▸ TASK STATEMENT
Reproduce, exactly and in full, only the lines below from the one containing "Vitamin B Complex" through the one containing "D-ASTC, 2012 Airbus".

[Saved entries]

[Start of Attachment]

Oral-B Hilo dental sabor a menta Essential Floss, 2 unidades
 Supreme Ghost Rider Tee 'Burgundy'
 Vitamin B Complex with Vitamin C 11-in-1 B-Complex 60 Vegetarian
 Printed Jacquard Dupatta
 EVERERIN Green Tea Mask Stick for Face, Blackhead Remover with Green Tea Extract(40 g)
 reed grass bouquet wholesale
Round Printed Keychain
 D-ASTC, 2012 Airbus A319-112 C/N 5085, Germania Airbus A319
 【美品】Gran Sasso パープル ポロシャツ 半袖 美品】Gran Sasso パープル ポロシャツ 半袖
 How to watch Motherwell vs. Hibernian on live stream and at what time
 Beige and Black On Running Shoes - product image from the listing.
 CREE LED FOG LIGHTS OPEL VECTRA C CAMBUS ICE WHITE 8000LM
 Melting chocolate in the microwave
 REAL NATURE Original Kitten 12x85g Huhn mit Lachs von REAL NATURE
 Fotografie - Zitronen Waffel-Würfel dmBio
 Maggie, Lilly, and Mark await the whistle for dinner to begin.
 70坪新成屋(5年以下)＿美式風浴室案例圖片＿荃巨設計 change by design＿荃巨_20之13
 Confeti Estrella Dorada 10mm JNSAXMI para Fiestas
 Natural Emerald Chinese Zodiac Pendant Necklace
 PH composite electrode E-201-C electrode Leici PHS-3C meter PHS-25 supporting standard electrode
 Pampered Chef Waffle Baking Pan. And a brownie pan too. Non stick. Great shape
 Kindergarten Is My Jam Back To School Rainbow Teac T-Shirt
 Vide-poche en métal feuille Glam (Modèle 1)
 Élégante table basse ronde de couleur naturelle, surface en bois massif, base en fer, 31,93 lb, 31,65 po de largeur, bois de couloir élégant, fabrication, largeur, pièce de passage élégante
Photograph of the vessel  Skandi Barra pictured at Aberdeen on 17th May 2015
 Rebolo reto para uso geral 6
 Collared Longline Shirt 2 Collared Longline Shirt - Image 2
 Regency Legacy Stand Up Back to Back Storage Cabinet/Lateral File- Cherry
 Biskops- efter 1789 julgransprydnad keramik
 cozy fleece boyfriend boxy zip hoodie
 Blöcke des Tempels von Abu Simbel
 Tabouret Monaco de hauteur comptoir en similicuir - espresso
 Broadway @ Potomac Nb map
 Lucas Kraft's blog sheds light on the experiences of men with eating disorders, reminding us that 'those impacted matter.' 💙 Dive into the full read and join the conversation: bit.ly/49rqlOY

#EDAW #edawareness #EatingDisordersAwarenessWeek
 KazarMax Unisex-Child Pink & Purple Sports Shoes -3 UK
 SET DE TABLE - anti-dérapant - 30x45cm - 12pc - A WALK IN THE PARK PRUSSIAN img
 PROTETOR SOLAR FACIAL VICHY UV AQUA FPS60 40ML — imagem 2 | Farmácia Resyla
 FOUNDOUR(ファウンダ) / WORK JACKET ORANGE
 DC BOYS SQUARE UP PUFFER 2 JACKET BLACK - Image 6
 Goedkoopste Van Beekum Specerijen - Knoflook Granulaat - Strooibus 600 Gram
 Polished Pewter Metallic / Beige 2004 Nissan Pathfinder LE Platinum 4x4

[End of Attachment]

▸ SOLUTION TO THE PROBLEM
 Vitamin B Complex with Vitamin C 11-in-1 B-Complex 60 Vegetarian
 Printed Jacquard Dupatta
 EVERERIN Green Tea Mask Stick for Face, Blackhead Remover with Green Tea Extract(40 g)
 reed grass bouquet wholesale
Round Printed Keychain
 D-ASTC, 2012 Airbus A319-112 C/N 5085, Germania Airbus A319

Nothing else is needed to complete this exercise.